O ciberespaço é outro exemplo de aposta em estruturas cooperativas. Outro princípio controverso é o da proibição de retrocesso. Aqui, desafortunadamente para o Brasil, está se tornando mais emergente, mais premente nos últimos tempos. Há uma tendência de crescente invocação a esse princípio. A celeuma em relação ao Código florestal mostra isso.

Na verdade, as coisas se agravaram muito em diversos níveis. Orçamento secreto, não destinação dos recursos existentes, enxugamento das estruturas, esvaziamento da fiscalização, importação de agrotóxicos proibidos em outros países, etc. Os exemplos se intensificam e Cármen Lúcia já acabou referindo o processo de cupinização do ambiente e um estado de coisas inconstitucional. Recorde de desmatamento, não só não estancamos a tragédia, mas continuamos a bater recordes. Isso aciona a invocação dos princípios.

O problema é que a proibição de retrocesso não é algo óbvio. Ela existe, mas tem um peso grande na questão dos direitos sociais. Nasceu nesse espaço. A proibição de regressividade surge associada ao Estado social. Mas começa a migrar, cada vez mais, para a esfera ecológico-ambiental. Inclusive pela acolhida do direito ambiental no capítulo dos direitos fundamentais sociais.

Existe contraponto: autores importantes, inclusive em Portugal e na Alemanha, sustentam que o princípio da vedação de retrocesso não existe. Jorge Novais considera equivocado recorrer a ele. Usá-lo demais poderia enfraquecer os direitos sociais.

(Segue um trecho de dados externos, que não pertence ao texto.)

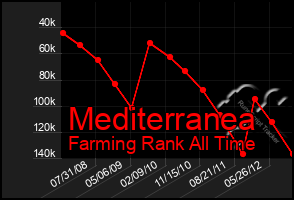 Total Graph of Mediterranea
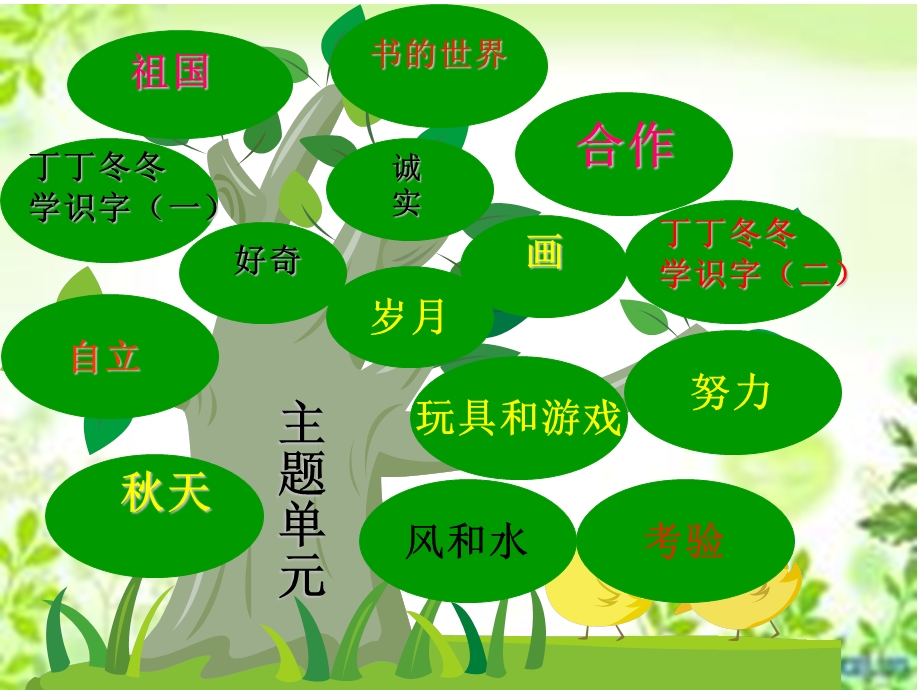 教材解说第十四单元.ppt_第3页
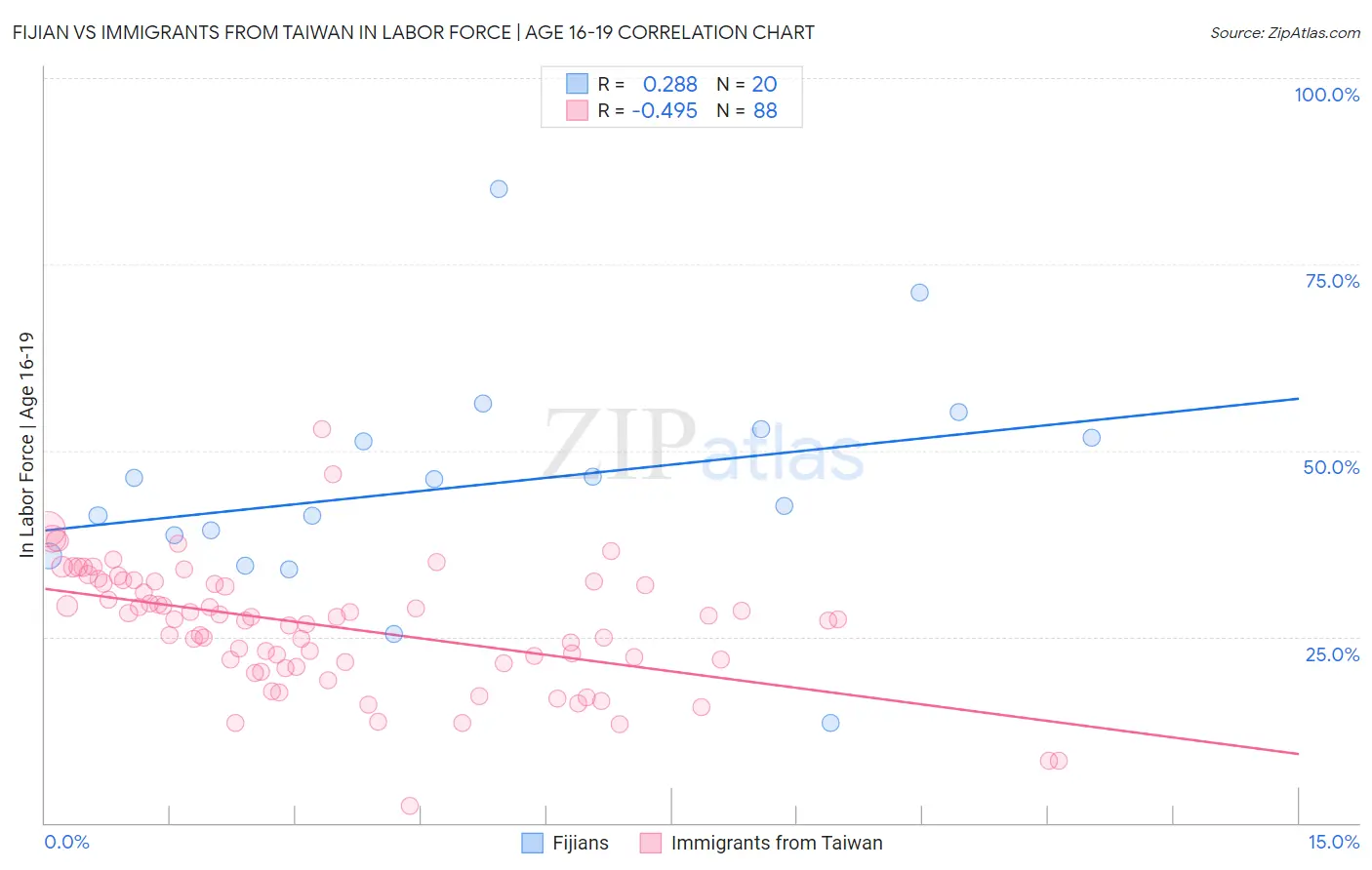 Fijian vs Immigrants from Taiwan In Labor Force | Age 16-19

Canotilho não abre mão da vedação de retrocesso, mas fala sobre os abusos na sua utilização. Quando aplicado sem critérios, sob forma genérica, leva à blindagem de privilégios. Também dá margem a decisionismo, fazendo com que os pobres fiquem cada vez mais pobres e os ricos mais ricos.

Vedação de retrocesso não significa vedação de restrição. É muito mais um rótulo, a ser utilizado com prudência. Sua aplicação concreta precisa de critérios. Há legitimidade constitucional para restrições. Exemplo: a reserva legal, as leis medidas, de efeito concreto. Proibição de retroatividade é o instrumento clássico para combater retrocessos.

A proporcionalidade também incide sobre o direito ambiental. Proibição de proteção insuficiente e proteção do núcleo essencial dos direitos fundamentais. É o que está de fato blindado a uma restrição.

Outro princípio estruturante é bem festejado: o mínimo existencial ecológico. Mínimo existencial social, tem dimensões controversas. Há quem diga que “mínimo” não é adequado. Deve-se falar em conteúdo existencial, essencial, mas não o mínimo. O núcleo essencial pode ser necessariamente maior do que o mínimo. Depende de cada direito e do impacto de cada medida restritiva a esse direito.

Núcleo essencial é a esfera, a situação fática protegida normativamente, que está em definitivo subtraída à disposição dos poderes constituídos. No direito ambiental, o mínimo existencial ecológico foi consagrado. No direito internacional fala-se em “mínimo vital”, às vezes sinônimo de mínimo existencial, outra vez restrito aos direitos asseguradores da vida. Nem sempre se incorpora o mínimo cultural e social. No ambiental, há uma visão ampliada. Quais os critérios para se identificar se houve violação do mínimo existencial ecológico? Questão de alta indagação, a reclamar colaboração dos doutos.